The shape of the ancient fish, so perfectly etched on that stone, sat in his long fingers, and he moved it up and down, as though its value could be determined by weight, or that movement was a kind of assay. Then he said, “It's probably not worth that much, I guess. In terms of money. Maybe it's just more sentimental value.”

“You could say that,” I said.

“It's funny about that,” he said. “How people get hurt. Why sometimes things get going wrong and you don't know where they're going to end up.”

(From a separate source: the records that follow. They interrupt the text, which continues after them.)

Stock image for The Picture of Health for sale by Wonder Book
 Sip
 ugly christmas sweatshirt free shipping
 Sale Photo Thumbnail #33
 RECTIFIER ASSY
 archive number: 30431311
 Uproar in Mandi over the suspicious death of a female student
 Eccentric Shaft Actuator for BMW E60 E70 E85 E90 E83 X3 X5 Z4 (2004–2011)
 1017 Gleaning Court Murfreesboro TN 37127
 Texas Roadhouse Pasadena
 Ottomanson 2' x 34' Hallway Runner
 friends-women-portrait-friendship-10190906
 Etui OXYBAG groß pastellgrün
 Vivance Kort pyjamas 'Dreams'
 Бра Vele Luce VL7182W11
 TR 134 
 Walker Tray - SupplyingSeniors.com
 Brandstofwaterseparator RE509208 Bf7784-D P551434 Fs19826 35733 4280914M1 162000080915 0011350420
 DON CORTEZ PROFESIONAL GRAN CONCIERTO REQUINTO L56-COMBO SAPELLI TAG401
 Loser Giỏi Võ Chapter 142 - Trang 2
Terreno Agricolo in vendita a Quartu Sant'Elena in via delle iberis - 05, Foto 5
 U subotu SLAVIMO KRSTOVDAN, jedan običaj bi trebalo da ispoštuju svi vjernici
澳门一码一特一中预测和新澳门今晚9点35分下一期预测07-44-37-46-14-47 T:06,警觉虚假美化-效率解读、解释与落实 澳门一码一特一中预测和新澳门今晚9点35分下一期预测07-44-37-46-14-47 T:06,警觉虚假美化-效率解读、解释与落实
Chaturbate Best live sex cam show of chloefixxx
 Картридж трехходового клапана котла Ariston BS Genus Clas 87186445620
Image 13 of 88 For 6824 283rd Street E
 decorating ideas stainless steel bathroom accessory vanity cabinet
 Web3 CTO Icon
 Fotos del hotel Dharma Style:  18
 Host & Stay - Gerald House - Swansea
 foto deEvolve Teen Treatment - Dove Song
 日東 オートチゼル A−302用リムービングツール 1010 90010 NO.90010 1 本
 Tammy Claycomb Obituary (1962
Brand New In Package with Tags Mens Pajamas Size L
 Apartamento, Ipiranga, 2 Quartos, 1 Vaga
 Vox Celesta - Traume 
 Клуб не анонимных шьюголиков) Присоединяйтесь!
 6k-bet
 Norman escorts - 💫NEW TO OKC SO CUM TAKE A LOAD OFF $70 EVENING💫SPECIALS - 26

That smile again. And yet, he carried himself with an air of the tragic, or the romantically doomed, his hair long, his skin pale as moonlight, his entire aspect one of intensity in the face of long odds. Yes, it was Kurt Cobain. That was the look.

“Your daughter really thinks the world of you,” he said. “Do you know that?”

“Are you threatening me?” I said.

“Oh, Frank,” he said. “What do you take me for?” He brushed his hair out of his eyes.

[
CHAPTER THIRTEEN
]

NOW
,
AFTER MY
father has died, and I think of him in those months before that piñata party, I realize he was dying right before my eyes. It was as though he was facing an enormous, black accordion and it was closing up, getting closer, until it would be flat against him.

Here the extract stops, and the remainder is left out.